BEGIN INPUT FOR THIS TASK
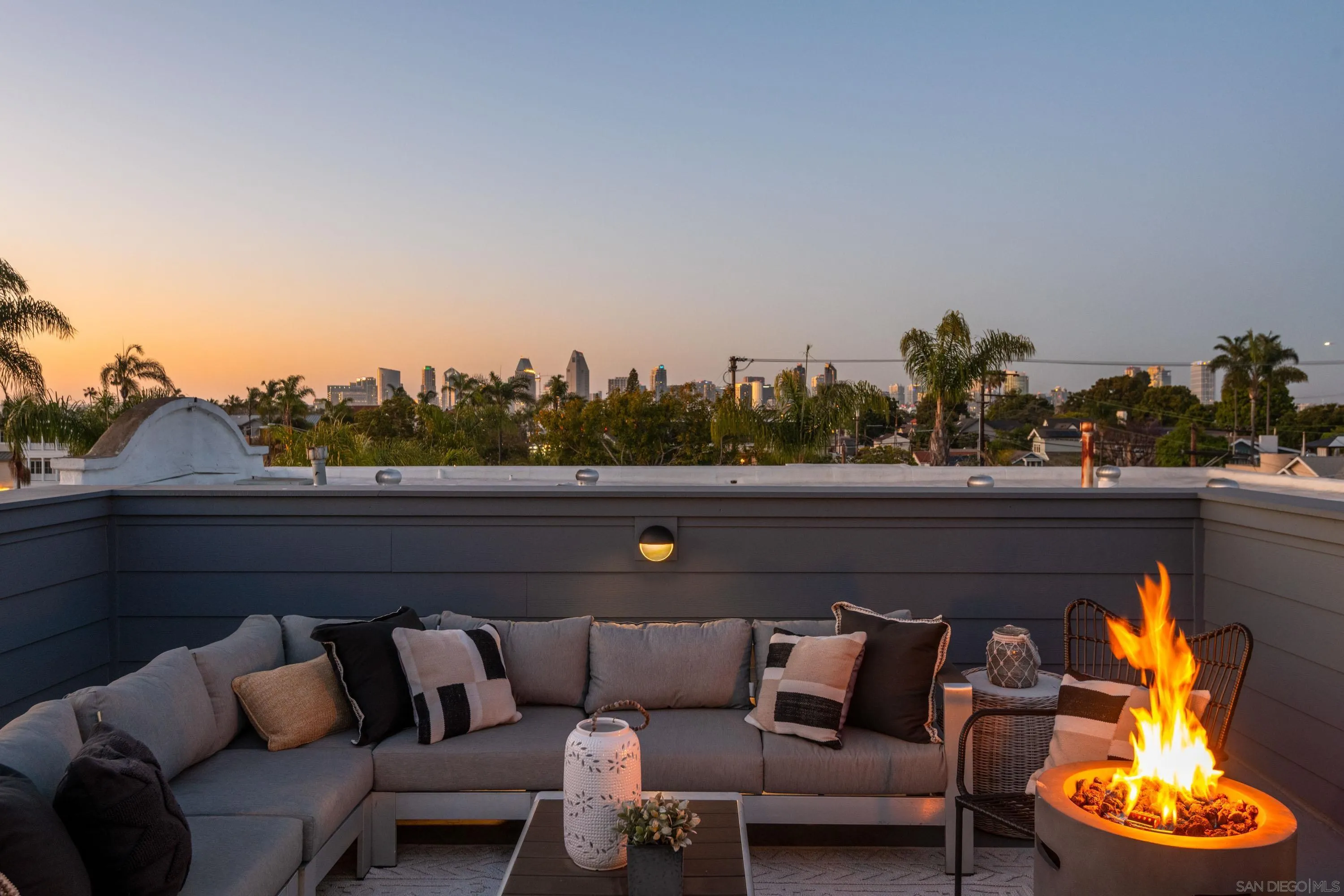 https://cdn.realtyfeed.com/cdn/127/250031815/310a35af55b7e12637f94c06a1193218.webp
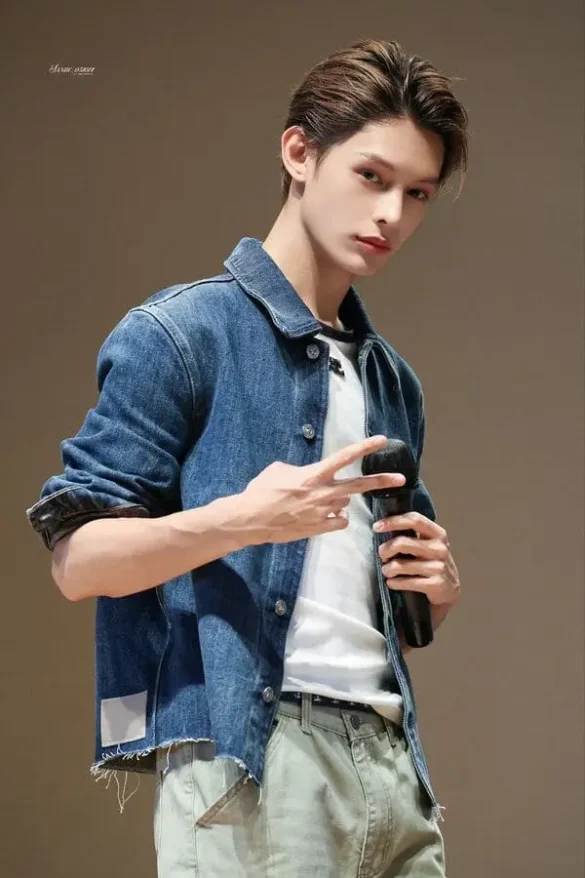 Ảnh James Cortis ngầu tạo dáng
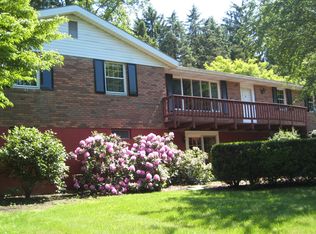 5554 Haasadahl Rd, Orefield, PA 18069
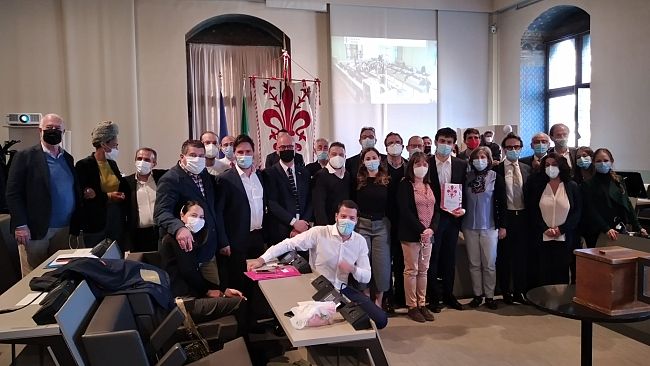 Sacchi a Milano con il gagliardetto di Firenze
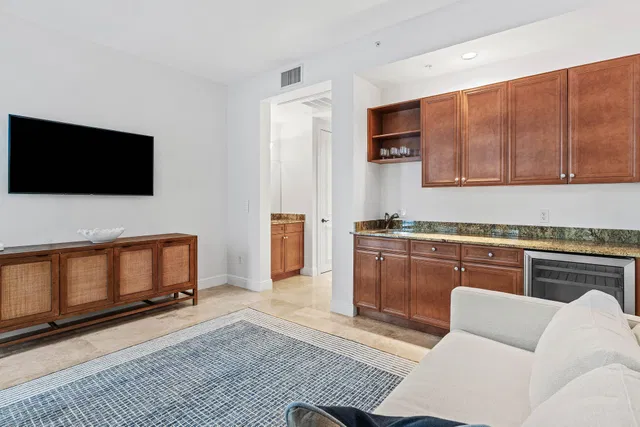 Unit 203 photo 13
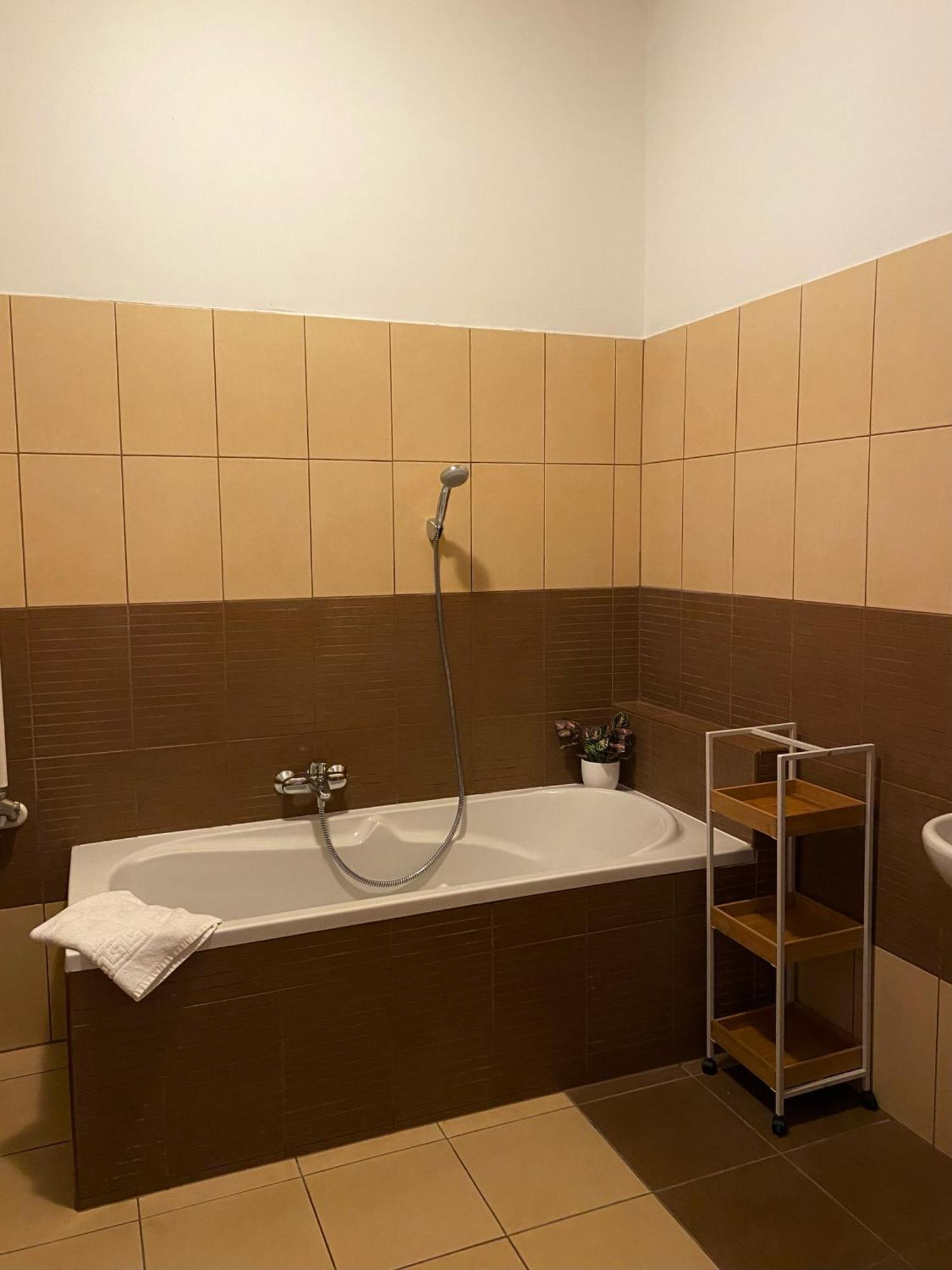 Het Pecset Fogado Etterem Bed and Breakfast Sopron Buitenkant foto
END INPUT FOR THIS TASK
Excluding the pictures, restate word for word the lines from the one that holds "Ảnh James Cortis ngầu tạo dáng" through the last line of the entries, both ends included.

 Ảnh James Cortis ngầu tạo dáng
 5554 Haasadahl Rd, Orefield, PA 18069
 Sacchi a Milano con il gagliardetto di Firenze
 Unit 203 photo 13
 Het Pecset Fogado Etterem Bed and Breakfast Sopron Buitenkant foto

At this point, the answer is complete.